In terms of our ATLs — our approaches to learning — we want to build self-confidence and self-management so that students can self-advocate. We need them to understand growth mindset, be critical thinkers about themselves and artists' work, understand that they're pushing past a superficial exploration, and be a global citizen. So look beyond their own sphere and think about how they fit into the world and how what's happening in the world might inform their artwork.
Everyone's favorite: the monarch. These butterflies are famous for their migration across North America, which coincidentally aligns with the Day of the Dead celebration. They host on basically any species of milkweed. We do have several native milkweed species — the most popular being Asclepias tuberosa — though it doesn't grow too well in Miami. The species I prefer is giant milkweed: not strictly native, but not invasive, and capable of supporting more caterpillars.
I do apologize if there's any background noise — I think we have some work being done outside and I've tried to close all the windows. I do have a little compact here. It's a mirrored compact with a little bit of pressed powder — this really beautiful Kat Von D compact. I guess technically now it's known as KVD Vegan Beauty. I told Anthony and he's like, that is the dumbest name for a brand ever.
* * *
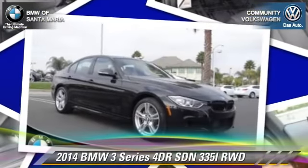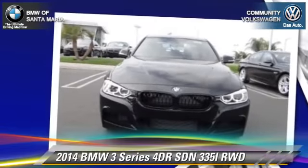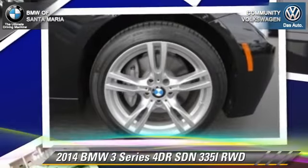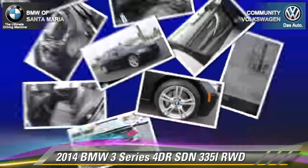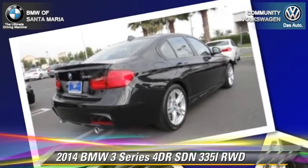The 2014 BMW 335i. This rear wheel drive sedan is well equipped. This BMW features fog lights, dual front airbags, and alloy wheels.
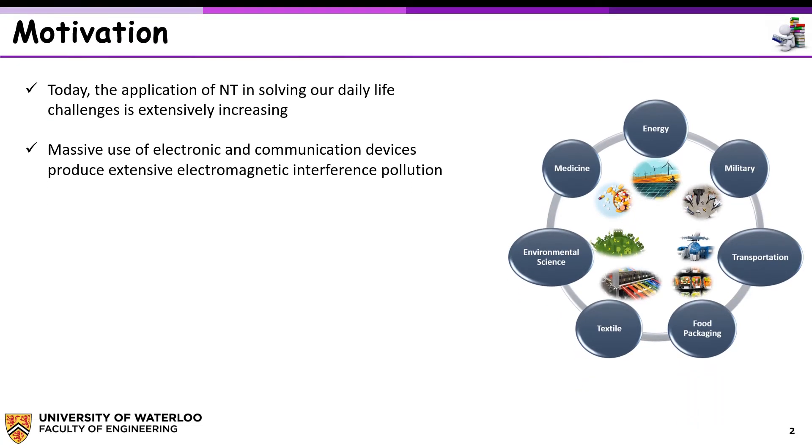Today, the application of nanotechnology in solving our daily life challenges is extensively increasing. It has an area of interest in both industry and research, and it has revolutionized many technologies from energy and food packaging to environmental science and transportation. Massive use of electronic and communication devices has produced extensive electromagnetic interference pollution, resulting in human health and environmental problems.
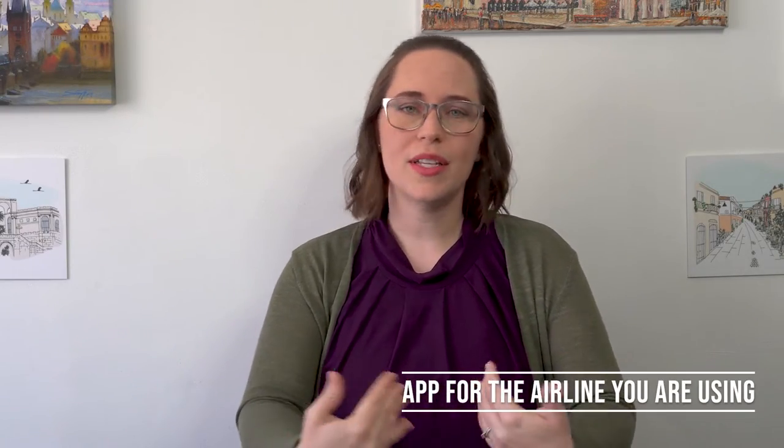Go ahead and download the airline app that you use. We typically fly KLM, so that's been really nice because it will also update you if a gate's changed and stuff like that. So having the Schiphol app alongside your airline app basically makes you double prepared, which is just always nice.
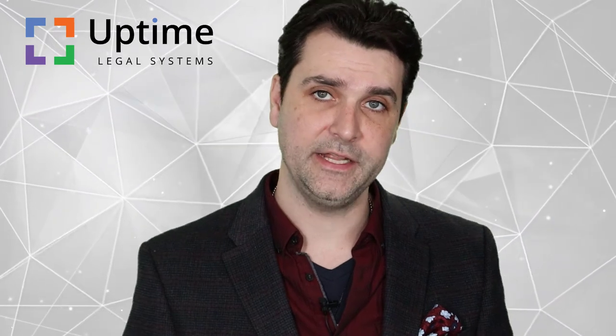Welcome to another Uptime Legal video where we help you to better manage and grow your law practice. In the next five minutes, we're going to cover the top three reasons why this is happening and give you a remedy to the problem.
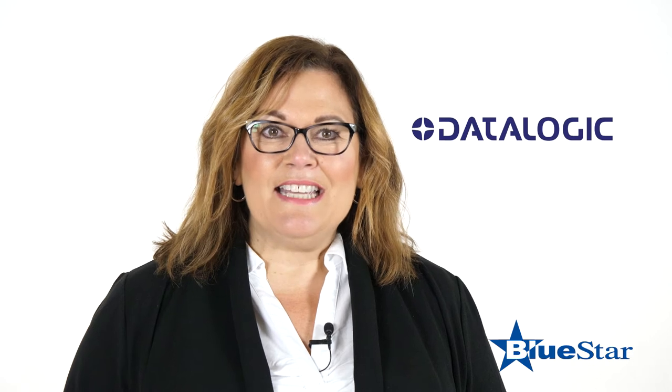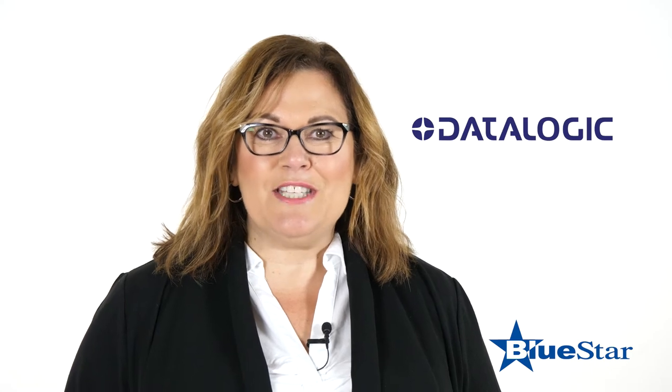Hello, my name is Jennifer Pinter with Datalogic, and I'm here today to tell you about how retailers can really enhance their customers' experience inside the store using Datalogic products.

# Task description
All lines above from the one holding "In terms of" to the one holding "I do apologize", inclusive, are to be copied exactly; no other line is wanted.

# Solution for this task
In terms of our ATLs — our approaches to learning — we want to build self-confidence and self-management so that students can self-advocate. We need them to understand growth mindset, be critical thinkers about themselves and artists' work, understand that they're pushing past a superficial exploration, and be a global citizen. So look beyond their own sphere and think about how they fit into the world and how what's happening in the world might inform their artwork.
Everyone's favorite: the monarch. These butterflies are famous for their migration across North America, which coincidentally aligns with the Day of the Dead celebration. They host on basically any species of milkweed. We do have several native milkweed species — the most popular being Asclepias tuberosa — though it doesn't grow too well in Miami. The species I prefer is giant milkweed: not strictly native, but not invasive, and capable of supporting more caterpillars.
I do apologize if there's any background noise — I think we have some work being done outside and I've tried to close all the windows. I do have a little compact here. It's a mirrored compact with a little bit of pressed powder — this really beautiful Kat Von D compact. I guess technically now it's known as KVD Vegan Beauty. I told Anthony and he's like, that is the dumbest name for a brand ever.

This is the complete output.